━━ RAW DATA
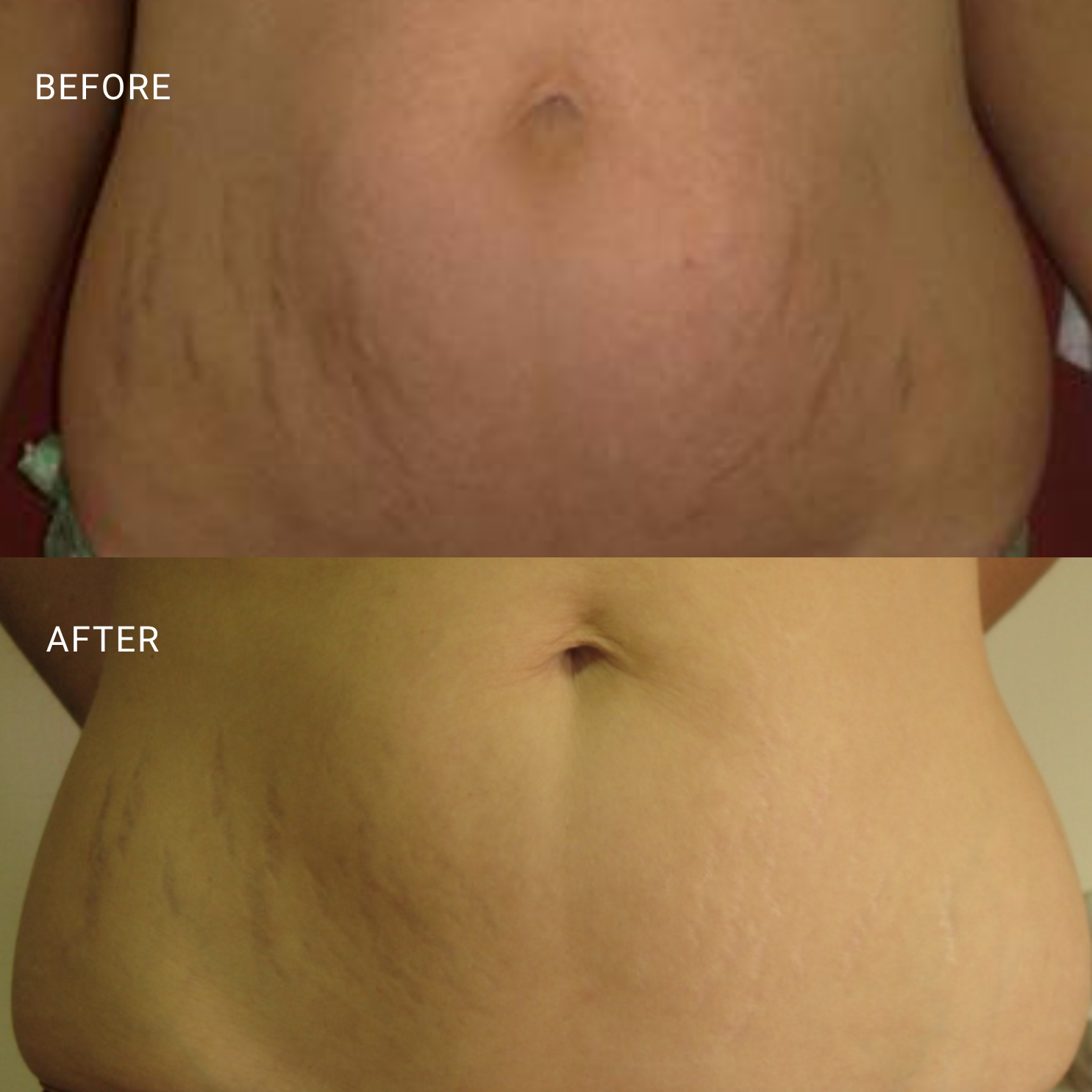 Improved skin tone and reduced laxity in the abdomen, smoother, more even texture post-treatment.

*results vary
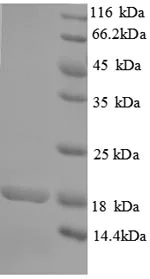 SDS-PAGE - Recombinant Human RRP2 protein (His tag) (AB236185)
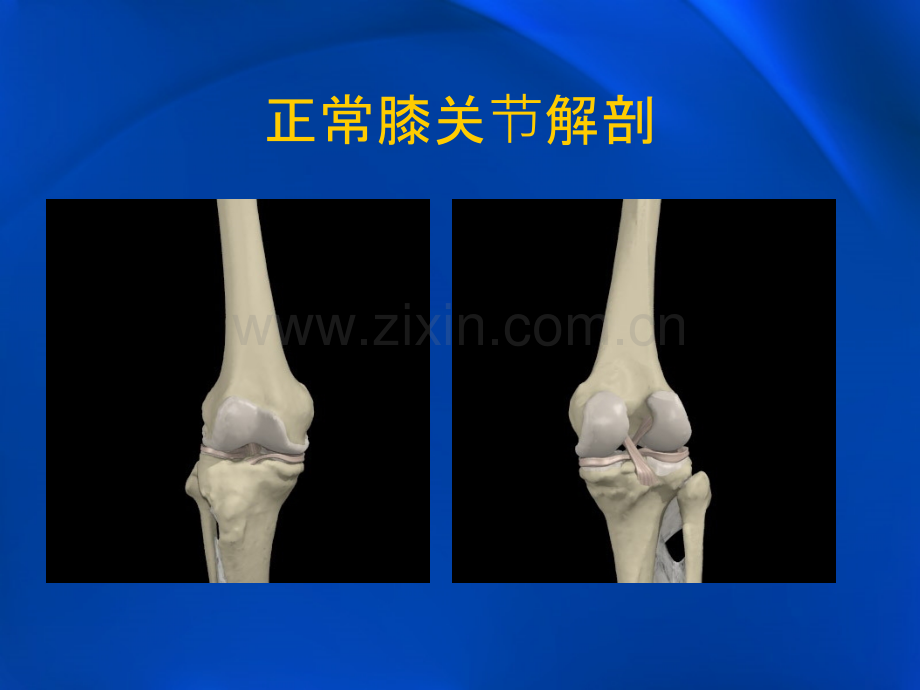 膝关节损伤常用检查法.ppt_第3页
━━━━
◆ ABOUT THIS TASK ◆
Emit an exact copy of the lines from the line bearing "SDS-PAGE - Recombinant" through the last line above, inclusive, and leave the images out.

◆ RESPONSE FOR THIS EXERCISE ◆
 SDS-PAGE - Recombinant Human RRP2 protein (His tag) (AB236185)
 膝关节损伤常用检查法.ppt_第3页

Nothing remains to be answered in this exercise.